All About Eve

It was harder than I thought to find time to sit down and watch this movie! I was busy burning my fingers peeling chestnuts fresh from the stove, and trying to figure out how to defrost my strange veggie Wellington I was going to make. So, now, with blistered fingers, I can compose some sort of thoughts for you. Today I watched All About Eve ( by Joseph L. Mankiewicz, 1950).

It seems like a lot of my family had heard about this film, or watched it already, where me, a child of the 80's, was ignorant. I've been watching a huge streak of foreign, captioned movies for this project, so I actually felt out of sorts watching something in English. I was confused..."Wait, I have to turn the sound up? I have to listen? Ugh!" And, in light of the fact that it is currently Christmas day, I hope you understand if I keep this short!

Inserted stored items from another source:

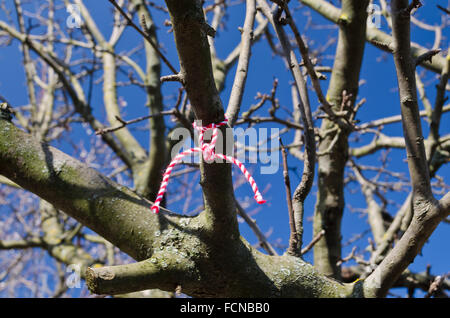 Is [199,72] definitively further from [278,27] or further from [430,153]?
[430,153]

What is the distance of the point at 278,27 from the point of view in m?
1.57

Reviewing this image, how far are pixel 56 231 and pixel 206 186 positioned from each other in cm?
246

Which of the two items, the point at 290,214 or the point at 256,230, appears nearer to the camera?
the point at 290,214

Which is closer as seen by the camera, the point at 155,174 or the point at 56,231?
the point at 155,174

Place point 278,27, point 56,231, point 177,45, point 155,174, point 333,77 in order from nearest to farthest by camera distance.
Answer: point 177,45 < point 278,27 < point 333,77 < point 155,174 < point 56,231

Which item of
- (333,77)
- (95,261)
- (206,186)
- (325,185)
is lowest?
(206,186)

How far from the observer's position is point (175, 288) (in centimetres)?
120

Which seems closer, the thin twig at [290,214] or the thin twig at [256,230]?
the thin twig at [290,214]

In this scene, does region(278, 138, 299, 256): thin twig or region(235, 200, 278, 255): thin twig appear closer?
region(278, 138, 299, 256): thin twig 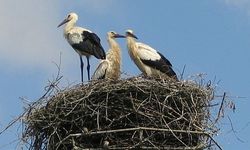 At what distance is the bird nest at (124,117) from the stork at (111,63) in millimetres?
1923

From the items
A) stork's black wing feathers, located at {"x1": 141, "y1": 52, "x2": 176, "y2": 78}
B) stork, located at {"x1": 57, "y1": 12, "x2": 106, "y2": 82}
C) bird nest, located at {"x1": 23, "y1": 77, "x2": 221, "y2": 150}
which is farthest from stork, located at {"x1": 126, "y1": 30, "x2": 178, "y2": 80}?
bird nest, located at {"x1": 23, "y1": 77, "x2": 221, "y2": 150}

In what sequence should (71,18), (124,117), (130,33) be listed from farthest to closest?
(71,18)
(130,33)
(124,117)

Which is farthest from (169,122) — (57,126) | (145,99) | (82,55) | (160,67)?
(82,55)

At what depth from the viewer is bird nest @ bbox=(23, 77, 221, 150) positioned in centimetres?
1087

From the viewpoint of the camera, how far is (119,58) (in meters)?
13.9

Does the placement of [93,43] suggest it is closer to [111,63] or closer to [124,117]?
[111,63]

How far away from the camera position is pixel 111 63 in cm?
1366

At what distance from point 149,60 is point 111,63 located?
0.69 m

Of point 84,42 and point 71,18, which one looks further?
point 71,18

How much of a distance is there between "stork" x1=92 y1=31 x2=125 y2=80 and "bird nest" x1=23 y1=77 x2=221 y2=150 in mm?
1923

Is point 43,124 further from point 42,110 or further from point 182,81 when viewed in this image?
point 182,81

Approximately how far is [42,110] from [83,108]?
56 cm

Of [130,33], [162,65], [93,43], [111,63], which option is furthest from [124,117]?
[93,43]

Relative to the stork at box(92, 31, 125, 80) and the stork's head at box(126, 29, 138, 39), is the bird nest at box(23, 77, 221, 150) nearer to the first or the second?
the stork at box(92, 31, 125, 80) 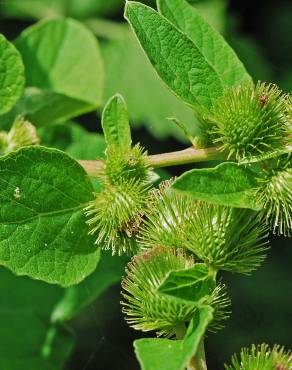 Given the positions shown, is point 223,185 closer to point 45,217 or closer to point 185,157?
point 185,157

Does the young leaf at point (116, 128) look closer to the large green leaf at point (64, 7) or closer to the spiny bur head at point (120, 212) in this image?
the spiny bur head at point (120, 212)

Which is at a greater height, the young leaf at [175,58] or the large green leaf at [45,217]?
the young leaf at [175,58]

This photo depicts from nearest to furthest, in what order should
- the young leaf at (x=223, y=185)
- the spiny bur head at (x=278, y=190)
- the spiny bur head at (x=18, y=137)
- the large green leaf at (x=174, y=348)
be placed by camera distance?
the large green leaf at (x=174, y=348)
the young leaf at (x=223, y=185)
the spiny bur head at (x=278, y=190)
the spiny bur head at (x=18, y=137)

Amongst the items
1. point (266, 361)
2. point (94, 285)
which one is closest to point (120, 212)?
point (266, 361)

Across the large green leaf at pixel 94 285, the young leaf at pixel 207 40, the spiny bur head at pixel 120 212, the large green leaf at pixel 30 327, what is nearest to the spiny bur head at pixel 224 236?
the spiny bur head at pixel 120 212

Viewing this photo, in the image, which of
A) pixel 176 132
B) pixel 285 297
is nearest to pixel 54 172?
pixel 176 132

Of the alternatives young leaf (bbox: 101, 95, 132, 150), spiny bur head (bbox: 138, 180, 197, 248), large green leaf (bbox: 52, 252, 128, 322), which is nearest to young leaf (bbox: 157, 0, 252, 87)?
young leaf (bbox: 101, 95, 132, 150)

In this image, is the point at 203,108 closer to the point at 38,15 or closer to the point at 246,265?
the point at 246,265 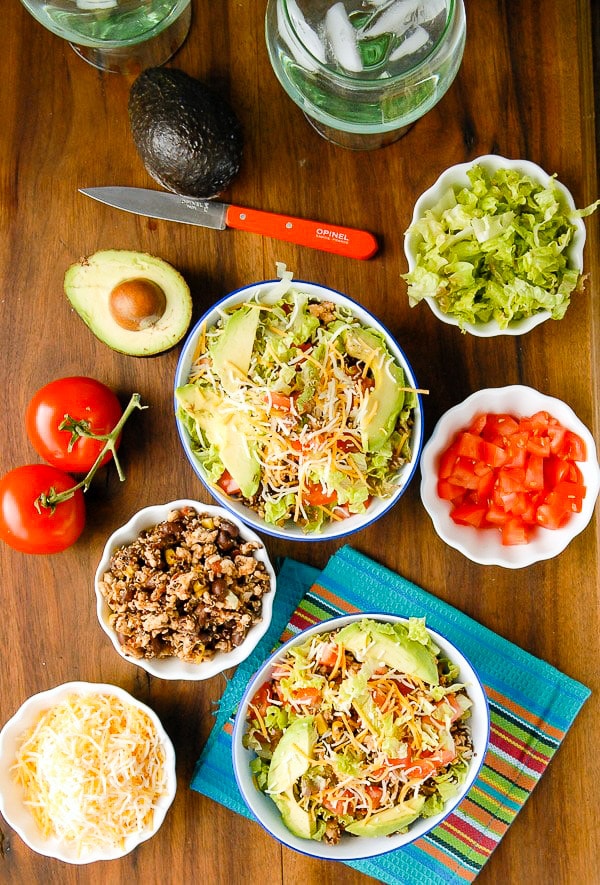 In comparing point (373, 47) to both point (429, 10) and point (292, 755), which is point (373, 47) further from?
point (292, 755)

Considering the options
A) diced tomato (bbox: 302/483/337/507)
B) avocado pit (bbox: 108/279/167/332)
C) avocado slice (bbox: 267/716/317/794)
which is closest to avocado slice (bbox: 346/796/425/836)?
avocado slice (bbox: 267/716/317/794)

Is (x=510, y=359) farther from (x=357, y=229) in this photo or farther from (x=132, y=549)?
(x=132, y=549)

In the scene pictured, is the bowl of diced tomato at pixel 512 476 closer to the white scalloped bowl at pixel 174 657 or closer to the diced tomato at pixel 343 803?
the white scalloped bowl at pixel 174 657

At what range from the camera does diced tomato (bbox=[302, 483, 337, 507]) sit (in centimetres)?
207

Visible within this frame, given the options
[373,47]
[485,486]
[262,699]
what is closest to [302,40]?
[373,47]

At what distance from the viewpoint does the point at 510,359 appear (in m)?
2.35

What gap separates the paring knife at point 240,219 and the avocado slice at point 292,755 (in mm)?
1146

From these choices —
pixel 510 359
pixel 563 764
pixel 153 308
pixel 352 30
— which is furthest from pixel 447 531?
pixel 352 30

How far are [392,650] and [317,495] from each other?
38 cm

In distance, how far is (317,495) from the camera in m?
2.08

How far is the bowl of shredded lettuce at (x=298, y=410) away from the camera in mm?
2020

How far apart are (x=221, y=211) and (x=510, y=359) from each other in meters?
0.82

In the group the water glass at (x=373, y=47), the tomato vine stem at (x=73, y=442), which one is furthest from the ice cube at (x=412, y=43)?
the tomato vine stem at (x=73, y=442)

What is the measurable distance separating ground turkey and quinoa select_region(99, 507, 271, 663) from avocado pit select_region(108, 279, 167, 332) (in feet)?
1.53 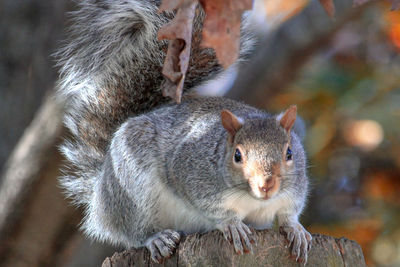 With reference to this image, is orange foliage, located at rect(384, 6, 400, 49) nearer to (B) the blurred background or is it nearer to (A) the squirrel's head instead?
(B) the blurred background

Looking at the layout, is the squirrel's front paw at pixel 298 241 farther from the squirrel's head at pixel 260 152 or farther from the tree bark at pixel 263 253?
the squirrel's head at pixel 260 152

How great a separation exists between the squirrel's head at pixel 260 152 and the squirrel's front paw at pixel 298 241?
5.7 inches

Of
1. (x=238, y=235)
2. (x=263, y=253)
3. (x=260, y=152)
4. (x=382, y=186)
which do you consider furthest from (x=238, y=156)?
(x=382, y=186)

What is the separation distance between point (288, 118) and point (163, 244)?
0.63 m

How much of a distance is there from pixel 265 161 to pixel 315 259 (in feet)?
1.20

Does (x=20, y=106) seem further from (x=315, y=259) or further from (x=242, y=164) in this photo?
(x=315, y=259)

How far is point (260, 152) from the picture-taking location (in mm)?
2373

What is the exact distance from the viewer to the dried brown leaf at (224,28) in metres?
1.50

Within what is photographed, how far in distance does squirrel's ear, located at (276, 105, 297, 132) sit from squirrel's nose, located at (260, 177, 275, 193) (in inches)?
14.1

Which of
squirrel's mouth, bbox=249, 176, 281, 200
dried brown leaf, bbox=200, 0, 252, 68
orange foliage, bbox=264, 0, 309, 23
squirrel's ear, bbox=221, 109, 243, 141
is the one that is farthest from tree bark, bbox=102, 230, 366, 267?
orange foliage, bbox=264, 0, 309, 23

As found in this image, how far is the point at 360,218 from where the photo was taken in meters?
4.78

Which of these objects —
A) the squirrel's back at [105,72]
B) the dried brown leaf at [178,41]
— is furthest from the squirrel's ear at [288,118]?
the dried brown leaf at [178,41]

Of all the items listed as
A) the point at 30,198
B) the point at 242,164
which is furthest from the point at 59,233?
the point at 242,164

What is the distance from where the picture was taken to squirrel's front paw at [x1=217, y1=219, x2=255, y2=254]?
2111mm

For me, one of the best part of this film is the dialogue. I love the quick, witty banter in films of this time period. The characters say the most funny remarks, so quickly to each other, and I love that. It makes it so amusing to watch, and it makes it very easy to fall in love with the characters. You feel closer to them, when you are laughing right along with them. It really helped the story feel much richer and I felt more connected to it. There were a lot of moments that were funny and charming, but they contributed a lot to the plot at the same time. It really was a masterful script, I was a bit in envy. I think that this style of dialogue, that this kind of witty banter is sort of out of fashion right now. I don't often see films with that style anymore, and it's hard to imagine one today. A lot of popular films are mostly action and image, not so much words and arguments. I'm not sure if that would go over so well today, at least in mainstream culture. I don't know, there is just something about this script that feels like a little snapshot back in time to me.

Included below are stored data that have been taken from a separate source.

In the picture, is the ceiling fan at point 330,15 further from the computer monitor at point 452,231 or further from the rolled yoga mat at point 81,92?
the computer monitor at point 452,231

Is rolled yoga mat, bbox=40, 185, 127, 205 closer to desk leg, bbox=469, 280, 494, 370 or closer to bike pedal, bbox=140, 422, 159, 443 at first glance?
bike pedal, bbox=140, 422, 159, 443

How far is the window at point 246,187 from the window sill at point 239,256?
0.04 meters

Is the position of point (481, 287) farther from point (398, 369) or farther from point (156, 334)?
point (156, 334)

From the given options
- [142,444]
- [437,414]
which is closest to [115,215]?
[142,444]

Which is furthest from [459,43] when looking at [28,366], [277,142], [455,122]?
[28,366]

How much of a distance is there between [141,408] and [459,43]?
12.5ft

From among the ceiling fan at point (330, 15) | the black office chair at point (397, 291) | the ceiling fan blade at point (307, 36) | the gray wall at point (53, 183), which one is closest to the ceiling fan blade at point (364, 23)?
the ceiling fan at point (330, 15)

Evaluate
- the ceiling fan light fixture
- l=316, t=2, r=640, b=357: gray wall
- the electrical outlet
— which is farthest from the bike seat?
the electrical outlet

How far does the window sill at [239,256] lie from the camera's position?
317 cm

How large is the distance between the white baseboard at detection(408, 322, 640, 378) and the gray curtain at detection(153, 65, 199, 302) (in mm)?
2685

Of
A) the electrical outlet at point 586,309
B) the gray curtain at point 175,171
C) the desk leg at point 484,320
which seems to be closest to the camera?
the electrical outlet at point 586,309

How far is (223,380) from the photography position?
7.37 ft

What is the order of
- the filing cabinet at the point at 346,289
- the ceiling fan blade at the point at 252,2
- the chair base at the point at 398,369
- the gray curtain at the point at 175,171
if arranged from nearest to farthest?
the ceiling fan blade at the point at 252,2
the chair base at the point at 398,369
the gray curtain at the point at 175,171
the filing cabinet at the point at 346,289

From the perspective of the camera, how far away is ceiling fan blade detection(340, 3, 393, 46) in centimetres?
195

Ebert writes a lot about this film as  compared to Sunset Blvd, which I have never seen, so most of his analysis is lost on me. A lot of what he writes about in his essay is unfamilar to me - I really haven't seen many Marilyn Monroe movies, but he writes a lot about her supporting role in this film, and wonders if she steals the spotlight because we know how big of a star she becomes or because she was always that big of a star. Unfortunately, I don't really have an opinion about this, since I'm so unfamilar with everything he is talking about. I hope that I as go on with this project, I will become more knowledgeable. 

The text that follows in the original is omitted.